This study computes quantitative web page attributes (e.g., number of fonts, images, and words) from web pages evaluated for the 2000 Webby Awards [20]. The Webby organizers place web sites into 27 categories, including news, personal, finance, services, sports, fashion, and travel. A panel of over 100 judges from The International Academy of Digital Arts & Sciences use a rigorous evaluation process to select winning sites.¹ Webby organizers describe the judge selection criteria as follows: ``Site Reviewers are Internet professionals who work with and on the Internet. They have clearly demonstrable familiarity with the category in which they review and have been individually required to produce evidence of such expertise. The site reviewers are given different sites in their category for review and they are all prohibited from reviewing any site with which they have any personal or professional affiliation. The Academy regularly inspects the work of each reviewer for fairness and accuracy.''

Judges rate web sites based on six criteria: content, structure & navigation, visual design, functionality, interactivity, and overall experience. Figure 1 shows the distribution of the overall criterion across all of the judged sites. We suspected that the six criteria were highly correlated, suggesting that there was one factor underlying them all. To test this hypothesis, we used a principles component analysis to examine the underlying factor structure. The first factor accounted for 91% of the variance in the six criteria. In the experiments reported below, we used both the overall Webby score and the extracted factor for doing discriminant classification.
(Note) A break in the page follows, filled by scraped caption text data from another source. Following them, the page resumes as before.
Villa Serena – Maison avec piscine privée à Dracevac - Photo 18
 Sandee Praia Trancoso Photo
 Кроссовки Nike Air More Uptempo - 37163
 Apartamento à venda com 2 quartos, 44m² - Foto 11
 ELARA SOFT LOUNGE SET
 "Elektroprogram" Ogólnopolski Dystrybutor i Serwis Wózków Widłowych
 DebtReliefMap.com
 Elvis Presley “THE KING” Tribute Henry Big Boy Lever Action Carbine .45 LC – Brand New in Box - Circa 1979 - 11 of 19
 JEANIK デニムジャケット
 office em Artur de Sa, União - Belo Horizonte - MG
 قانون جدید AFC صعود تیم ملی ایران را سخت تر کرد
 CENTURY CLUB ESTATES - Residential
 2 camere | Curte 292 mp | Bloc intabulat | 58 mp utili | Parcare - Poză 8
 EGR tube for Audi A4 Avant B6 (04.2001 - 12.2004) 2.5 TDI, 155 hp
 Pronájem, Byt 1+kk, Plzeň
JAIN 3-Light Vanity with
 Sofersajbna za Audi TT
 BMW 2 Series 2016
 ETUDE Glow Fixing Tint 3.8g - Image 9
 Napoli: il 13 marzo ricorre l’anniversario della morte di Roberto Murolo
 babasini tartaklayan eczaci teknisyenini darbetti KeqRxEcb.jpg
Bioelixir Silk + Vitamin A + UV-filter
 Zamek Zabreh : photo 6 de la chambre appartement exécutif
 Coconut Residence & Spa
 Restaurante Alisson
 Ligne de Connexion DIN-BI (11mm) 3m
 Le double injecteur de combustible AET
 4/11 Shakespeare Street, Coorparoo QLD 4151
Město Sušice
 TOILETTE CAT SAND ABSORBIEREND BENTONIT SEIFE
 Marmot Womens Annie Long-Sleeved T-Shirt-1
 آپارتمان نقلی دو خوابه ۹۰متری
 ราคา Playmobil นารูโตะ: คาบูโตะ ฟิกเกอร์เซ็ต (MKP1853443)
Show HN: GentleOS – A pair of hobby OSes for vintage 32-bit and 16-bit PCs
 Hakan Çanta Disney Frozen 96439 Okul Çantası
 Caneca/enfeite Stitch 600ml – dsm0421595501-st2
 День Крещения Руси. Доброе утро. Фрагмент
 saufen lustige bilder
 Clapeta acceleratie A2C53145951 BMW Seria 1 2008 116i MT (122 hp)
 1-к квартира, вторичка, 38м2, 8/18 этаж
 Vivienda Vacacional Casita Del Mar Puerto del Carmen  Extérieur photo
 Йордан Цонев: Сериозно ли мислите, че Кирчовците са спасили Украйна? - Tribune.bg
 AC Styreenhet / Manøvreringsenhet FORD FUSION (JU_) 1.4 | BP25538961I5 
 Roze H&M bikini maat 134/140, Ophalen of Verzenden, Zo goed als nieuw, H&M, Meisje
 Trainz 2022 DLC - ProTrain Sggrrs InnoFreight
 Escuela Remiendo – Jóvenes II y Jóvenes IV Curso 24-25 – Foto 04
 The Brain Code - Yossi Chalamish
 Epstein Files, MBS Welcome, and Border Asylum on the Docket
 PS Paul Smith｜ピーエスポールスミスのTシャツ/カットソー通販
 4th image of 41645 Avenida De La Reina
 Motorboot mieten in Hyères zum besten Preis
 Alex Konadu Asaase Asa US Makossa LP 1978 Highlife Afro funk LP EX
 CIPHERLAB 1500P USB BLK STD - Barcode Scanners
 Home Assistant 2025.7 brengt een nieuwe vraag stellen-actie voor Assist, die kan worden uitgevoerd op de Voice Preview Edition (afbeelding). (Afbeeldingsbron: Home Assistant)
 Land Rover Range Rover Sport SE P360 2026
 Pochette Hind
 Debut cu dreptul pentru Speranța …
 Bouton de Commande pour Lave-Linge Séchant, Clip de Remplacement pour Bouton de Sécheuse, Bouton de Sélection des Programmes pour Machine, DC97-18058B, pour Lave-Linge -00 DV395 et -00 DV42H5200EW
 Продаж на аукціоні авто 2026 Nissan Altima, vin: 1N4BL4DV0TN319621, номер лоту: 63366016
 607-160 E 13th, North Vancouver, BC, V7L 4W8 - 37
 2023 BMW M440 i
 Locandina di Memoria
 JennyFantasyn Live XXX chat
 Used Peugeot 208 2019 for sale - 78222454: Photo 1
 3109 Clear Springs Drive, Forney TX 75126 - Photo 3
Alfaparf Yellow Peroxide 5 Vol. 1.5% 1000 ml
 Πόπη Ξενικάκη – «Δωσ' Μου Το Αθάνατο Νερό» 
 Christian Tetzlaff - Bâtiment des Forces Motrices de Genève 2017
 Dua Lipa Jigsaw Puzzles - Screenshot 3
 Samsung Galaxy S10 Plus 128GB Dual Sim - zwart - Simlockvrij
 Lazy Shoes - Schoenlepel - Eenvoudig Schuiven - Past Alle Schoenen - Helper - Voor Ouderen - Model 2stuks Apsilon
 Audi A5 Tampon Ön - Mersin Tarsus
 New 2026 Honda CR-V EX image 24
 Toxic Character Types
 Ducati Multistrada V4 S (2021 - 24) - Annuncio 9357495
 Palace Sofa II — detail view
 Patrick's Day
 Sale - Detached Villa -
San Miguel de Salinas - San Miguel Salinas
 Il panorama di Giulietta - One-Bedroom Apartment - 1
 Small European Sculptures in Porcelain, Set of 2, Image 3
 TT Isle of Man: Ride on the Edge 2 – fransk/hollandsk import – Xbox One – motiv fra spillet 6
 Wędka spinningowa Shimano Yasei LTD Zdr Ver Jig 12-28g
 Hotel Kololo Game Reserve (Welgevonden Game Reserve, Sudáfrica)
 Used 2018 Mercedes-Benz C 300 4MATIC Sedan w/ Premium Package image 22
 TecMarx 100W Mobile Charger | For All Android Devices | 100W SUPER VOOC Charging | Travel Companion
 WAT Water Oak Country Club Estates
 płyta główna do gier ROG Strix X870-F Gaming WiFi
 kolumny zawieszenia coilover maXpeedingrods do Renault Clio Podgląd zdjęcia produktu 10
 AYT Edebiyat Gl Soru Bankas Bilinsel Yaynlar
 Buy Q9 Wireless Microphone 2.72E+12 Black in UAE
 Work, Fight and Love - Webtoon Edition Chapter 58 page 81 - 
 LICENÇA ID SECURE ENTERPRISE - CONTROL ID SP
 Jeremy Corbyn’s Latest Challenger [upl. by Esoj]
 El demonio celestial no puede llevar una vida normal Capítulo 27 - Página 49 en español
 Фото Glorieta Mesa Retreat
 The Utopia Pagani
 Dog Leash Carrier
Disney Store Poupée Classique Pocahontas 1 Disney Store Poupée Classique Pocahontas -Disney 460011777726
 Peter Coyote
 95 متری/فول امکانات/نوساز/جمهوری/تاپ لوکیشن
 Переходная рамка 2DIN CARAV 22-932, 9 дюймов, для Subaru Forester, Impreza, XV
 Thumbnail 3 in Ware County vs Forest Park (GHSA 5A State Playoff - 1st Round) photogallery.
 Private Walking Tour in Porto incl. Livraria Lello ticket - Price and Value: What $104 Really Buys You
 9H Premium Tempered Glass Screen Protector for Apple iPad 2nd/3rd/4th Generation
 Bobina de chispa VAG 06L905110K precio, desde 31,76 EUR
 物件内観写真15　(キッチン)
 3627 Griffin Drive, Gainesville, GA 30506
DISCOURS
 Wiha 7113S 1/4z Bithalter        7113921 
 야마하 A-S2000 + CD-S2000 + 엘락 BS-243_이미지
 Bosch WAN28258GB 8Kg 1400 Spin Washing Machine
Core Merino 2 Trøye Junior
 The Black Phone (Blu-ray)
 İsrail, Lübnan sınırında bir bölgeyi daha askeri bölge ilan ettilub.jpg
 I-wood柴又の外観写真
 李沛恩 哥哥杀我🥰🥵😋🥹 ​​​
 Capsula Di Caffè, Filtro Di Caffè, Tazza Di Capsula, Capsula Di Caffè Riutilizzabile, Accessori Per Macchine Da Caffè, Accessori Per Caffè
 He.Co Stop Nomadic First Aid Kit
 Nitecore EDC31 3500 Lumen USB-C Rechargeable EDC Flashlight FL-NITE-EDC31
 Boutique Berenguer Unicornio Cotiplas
For our study, we selected sites from six topical categories - financial, educational, community, health, service, and living - because these categories contained at least 100
information-centric sites (in which the primary goal is to convey information about some topic). We used the overall score to define two groups of sites for analysis: good (top 33% of sites), and not-good (remaining 67% of sites). Specifically, we wanted to determine if there are significant differences between the groups - both overall and within each category. Furthermore, we wanted to construct models for predicting group membership. These models would enable us to establish concrete thresholds for each metric, evaluate them with user studies, and eventually provide guidance for design improvement. We also used the composite rating to group sites into two categories: top 33% of sites, and bottom 33% of sites. The cutoffs for both sets, based on the overall criterion (ranging from 1 to 10) are:

	Overall	Community	Education	Finance
Top	6.97	6.58	6.47	6.6
Bottom	5.47	5.66	5.38	5.8
	Health	Living	Services
Top	7.9	6.66	7.54
Bottom	6.4	5.66	5.9

The following section introduces the metrics and describes the data collected for this analysis.

Web Page Metrics

Table: Web page metrics computed for this study.

Metric	Description
Word Count	Total words on a page
Body Text %	Percentage of words that are body vs. display text (i.e., headers)
Emphasized Body Text %	Portion of body text that is emphasized (e.g., bold, capitalized or near !'s)
Text Positioning Count	Changes in text position from flush left
Text Cluster Count	Text areas highlighted with color, bordered regions, rules or lists
Link Count	Total links on a page
Page Size	Total bytes for the page as well as elements graphics and stylesheets
Graphic %	Percentage of page bytes that are for graphics
Graphics Count	Total graphics on a page (not including graphics specified in scripts, applets and objects)
Color Count	Total colors employed
Font Count	Total fonts employed (i.e., face + size + bold + italic)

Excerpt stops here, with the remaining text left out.